• **What you are asked to do**
Take every line containing "Size" from the material and copy it.

** Opening Data for review block **

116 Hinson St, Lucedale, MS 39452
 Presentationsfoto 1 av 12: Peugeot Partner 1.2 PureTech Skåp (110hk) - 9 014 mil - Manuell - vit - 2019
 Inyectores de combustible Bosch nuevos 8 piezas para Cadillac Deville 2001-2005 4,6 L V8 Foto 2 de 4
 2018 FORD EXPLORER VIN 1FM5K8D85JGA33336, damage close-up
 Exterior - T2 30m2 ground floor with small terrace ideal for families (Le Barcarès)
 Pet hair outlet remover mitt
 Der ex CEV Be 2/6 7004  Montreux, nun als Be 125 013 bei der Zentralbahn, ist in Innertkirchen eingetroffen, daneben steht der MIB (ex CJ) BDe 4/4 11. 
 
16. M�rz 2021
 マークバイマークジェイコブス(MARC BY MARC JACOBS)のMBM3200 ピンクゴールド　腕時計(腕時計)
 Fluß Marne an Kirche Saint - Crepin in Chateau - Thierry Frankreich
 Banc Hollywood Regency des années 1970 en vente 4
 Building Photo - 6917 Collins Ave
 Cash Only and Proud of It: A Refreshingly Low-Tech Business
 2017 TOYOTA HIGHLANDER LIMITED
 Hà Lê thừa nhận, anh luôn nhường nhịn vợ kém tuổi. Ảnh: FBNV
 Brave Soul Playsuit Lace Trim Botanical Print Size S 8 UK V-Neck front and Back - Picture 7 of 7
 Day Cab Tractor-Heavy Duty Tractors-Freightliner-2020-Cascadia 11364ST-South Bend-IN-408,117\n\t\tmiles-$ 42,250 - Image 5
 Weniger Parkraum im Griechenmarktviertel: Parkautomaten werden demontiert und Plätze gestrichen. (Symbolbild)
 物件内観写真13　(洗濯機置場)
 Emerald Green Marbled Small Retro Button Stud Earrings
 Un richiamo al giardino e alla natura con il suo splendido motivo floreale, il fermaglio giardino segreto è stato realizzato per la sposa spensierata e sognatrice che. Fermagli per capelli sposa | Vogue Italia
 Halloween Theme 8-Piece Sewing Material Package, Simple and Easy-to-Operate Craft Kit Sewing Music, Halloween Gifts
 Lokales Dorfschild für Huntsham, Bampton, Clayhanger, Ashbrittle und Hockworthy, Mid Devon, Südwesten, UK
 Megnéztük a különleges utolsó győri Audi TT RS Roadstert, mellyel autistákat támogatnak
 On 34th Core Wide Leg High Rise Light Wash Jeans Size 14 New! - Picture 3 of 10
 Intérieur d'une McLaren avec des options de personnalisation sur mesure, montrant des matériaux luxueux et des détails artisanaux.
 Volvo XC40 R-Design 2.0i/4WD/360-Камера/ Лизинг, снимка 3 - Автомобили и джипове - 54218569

** Closing Data for review block **

• **Task solution**
 Brave Soul Playsuit Lace Trim Botanical Print Size S 8 UK V-Neck front and Back - Picture 7 of 7
 On 34th Core Wide Leg High Rise Light Wash Jeans Size 14 New! - Picture 3 of 10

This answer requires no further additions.